• _What this task involves_
Write out exactly the lines below from the one containing "2001 Chevrolet S10 photo" to the last, both ends kept, and nothing more; skip all pictures.

• _Source data_
**********
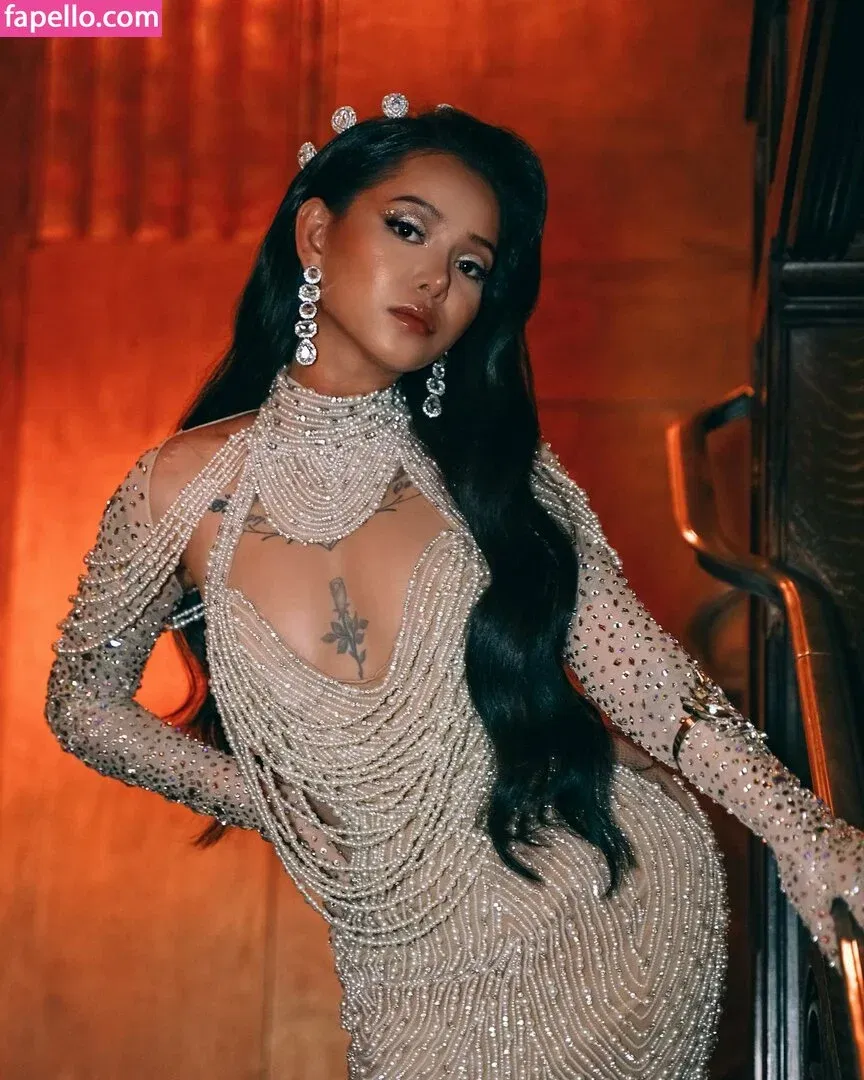 Bella Poarch Onlyfans Photo Gallery 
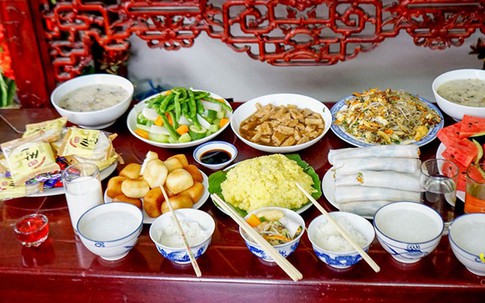 Bàn thờ gia tiên cúng mấy bát cơm mới đúng?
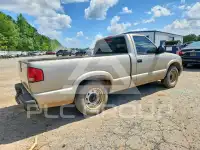2001 Chevrolet S10 photo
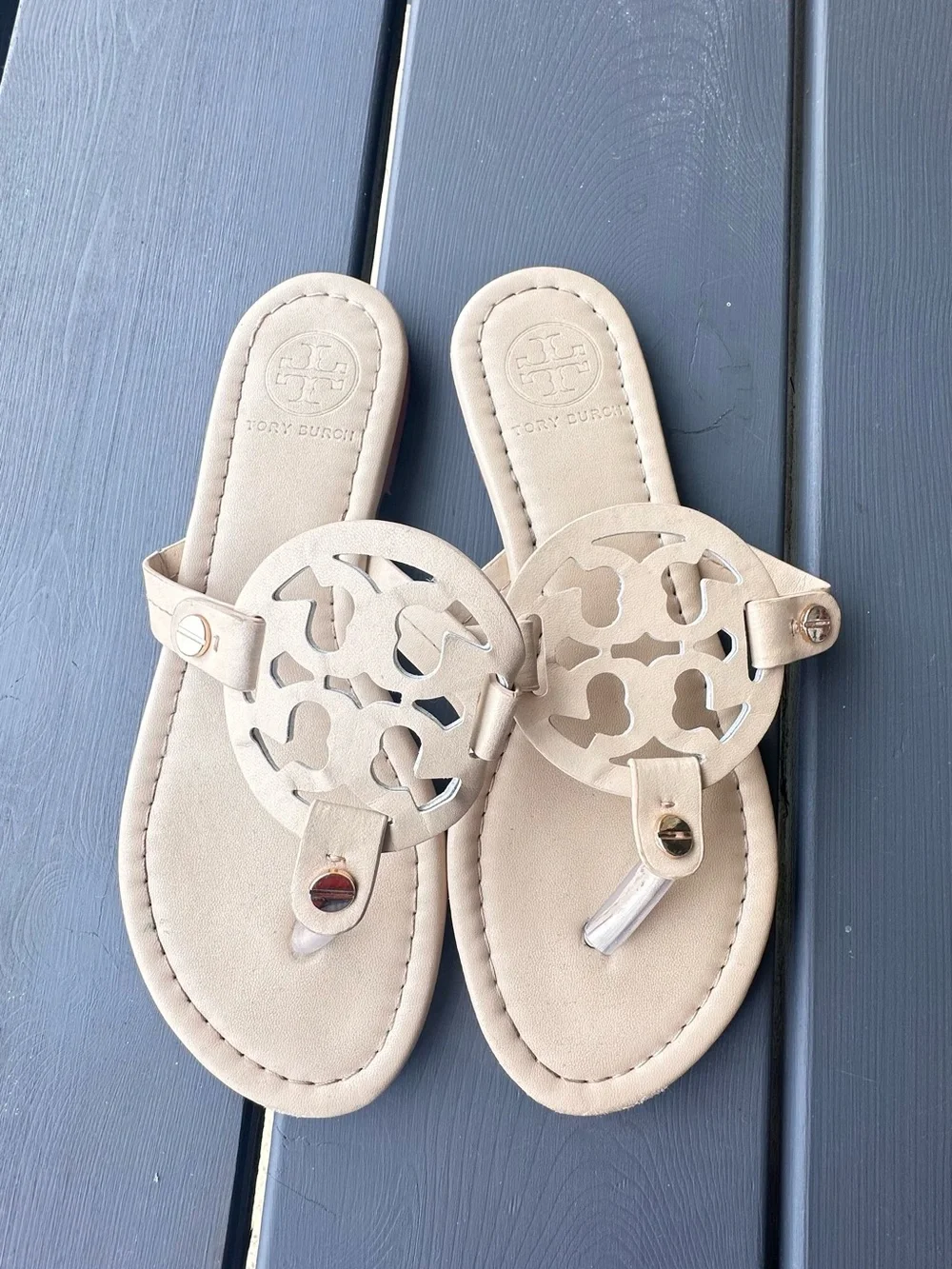 Tory Burch Cream Logo Cutout Leather Thong Sandals Sz 5.5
**********
• _Solution for this task_
2001 Chevrolet S10 photo
 Tory Burch Cream Logo Cutout Leather Thong Sandals Sz 5.5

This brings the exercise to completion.